[Caption-style text data]
· · ·
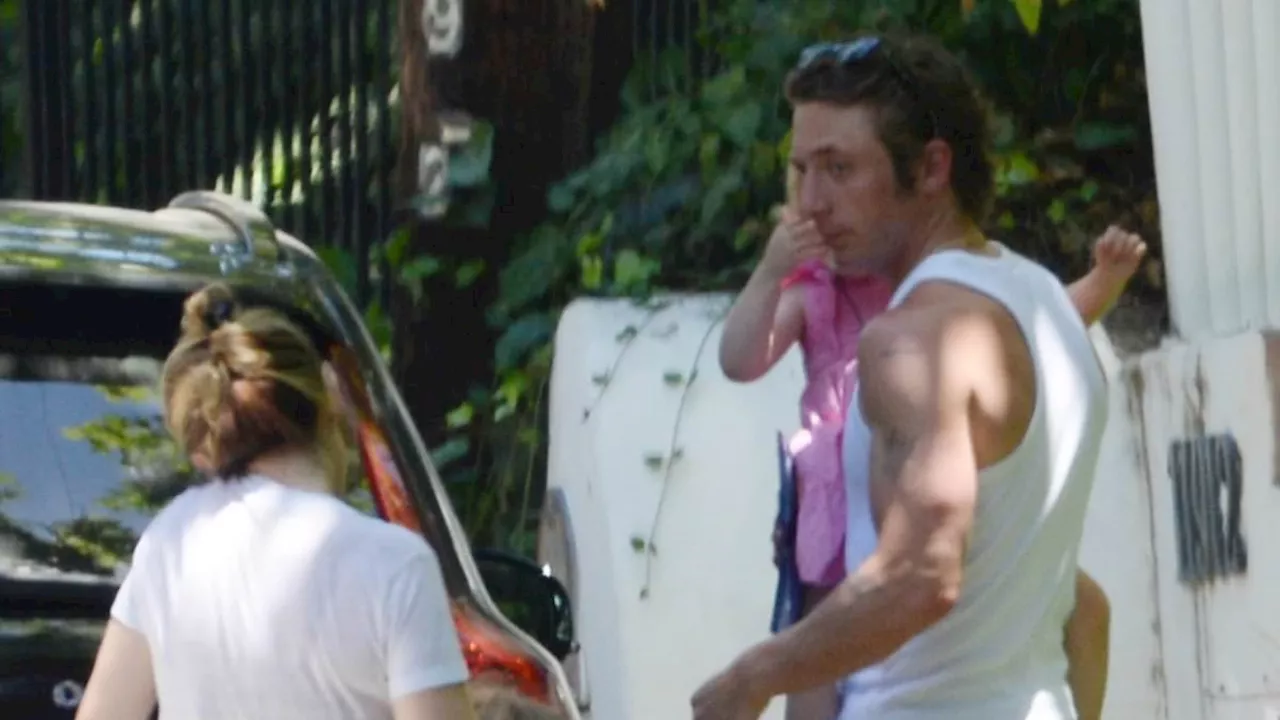 Jeremy Allen White reunites with ex-wife Addison Timlin as she drops off their daughters for...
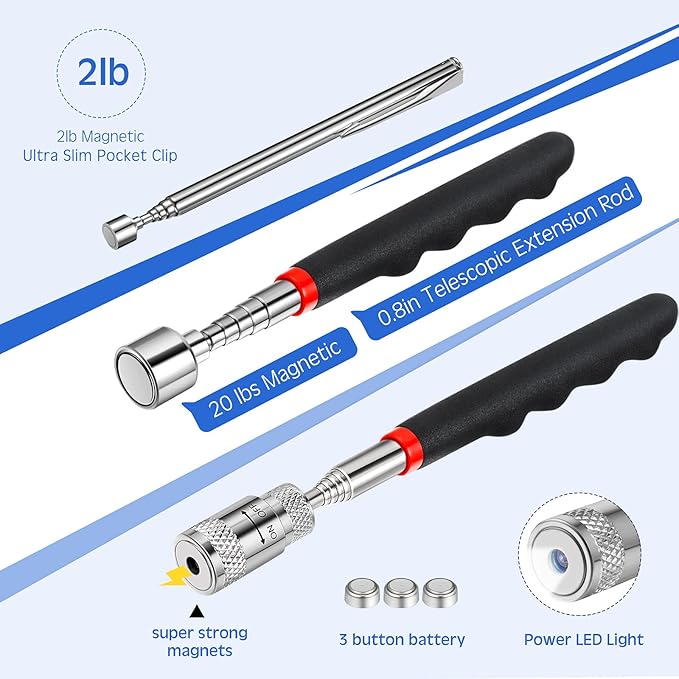 Patelai 4 Pcs Telescoping mechanic Magnet Tool Inspection Mirror Set with 2 lb 20 lb Magnetic Pickup Tool 8lb LED Light Telescoping Magnet Stick Gadget 360 Swivel for Father Day Men Gift Birthday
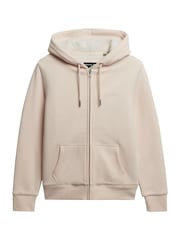 Superdry Pink Borg Lined Zip Hoodie - Image 1 of 2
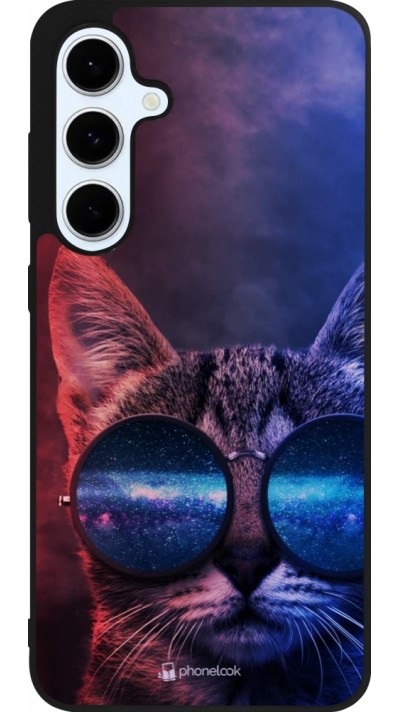 Samsung Galaxy S24 FE Case Hülle - Silikon schwarz Red Blue Cat Glasses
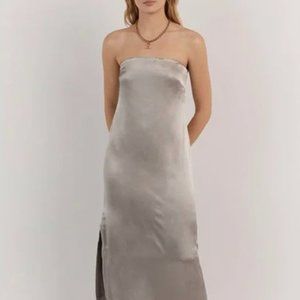DISSH MIA PEWTER STRAPLESS SATIN DRESS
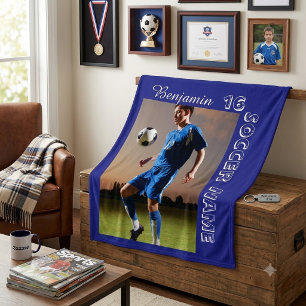 Aangepaste Voetbal Foto Dekbed Persoonlijke Naam N Fleece Deken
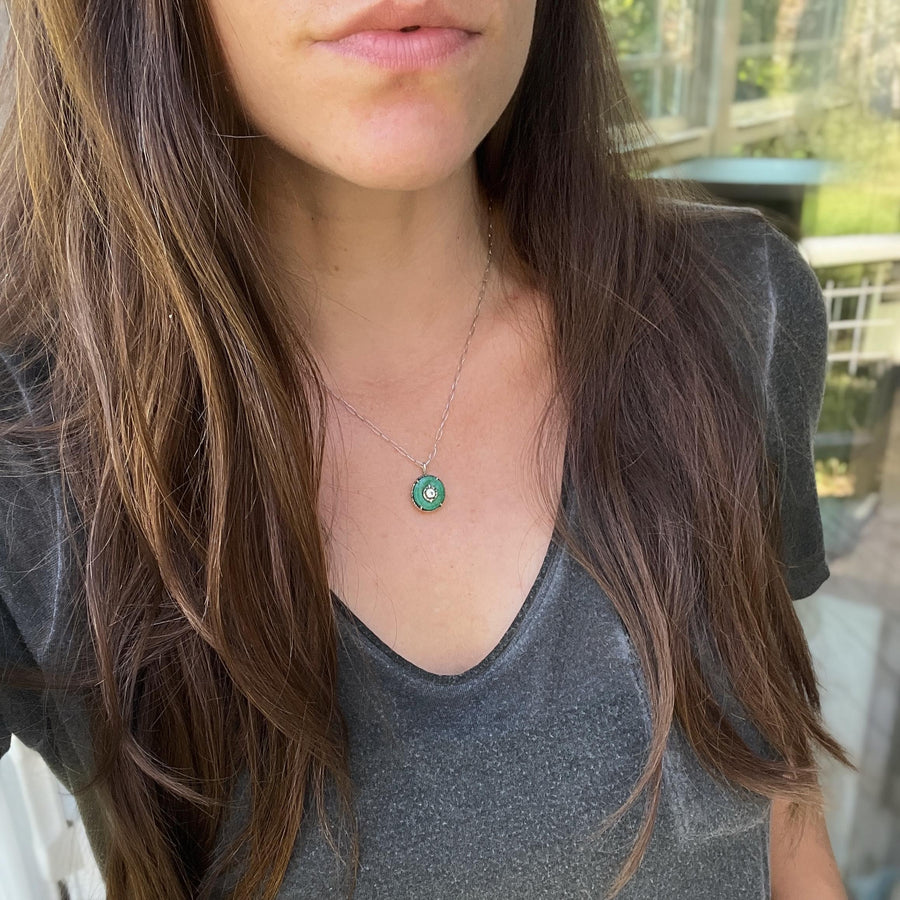 Raw Malachite + Zircon Pendant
· · ·
* What is expected
Retype the data above as given, letting no picture into the copy.

* Solution for this problem
 Jeremy Allen White reunites with ex-wife Addison Timlin as she drops off their daughters for...
 Patelai 4 Pcs Telescoping mechanic Magnet Tool Inspection Mirror Set with 2 lb 20 lb Magnetic Pickup Tool 8lb LED Light Telescoping Magnet Stick Gadget 360 Swivel for Father Day Men Gift Birthday
 Superdry Pink Borg Lined Zip Hoodie - Image 1 of 2
 Samsung Galaxy S24 FE Case Hülle - Silikon schwarz Red Blue Cat Glasses
DISSH MIA PEWTER STRAPLESS SATIN DRESS
 Aangepaste Voetbal Foto Dekbed Persoonlijke Naam N Fleece Deken
 Raw Malachite + Zircon Pendant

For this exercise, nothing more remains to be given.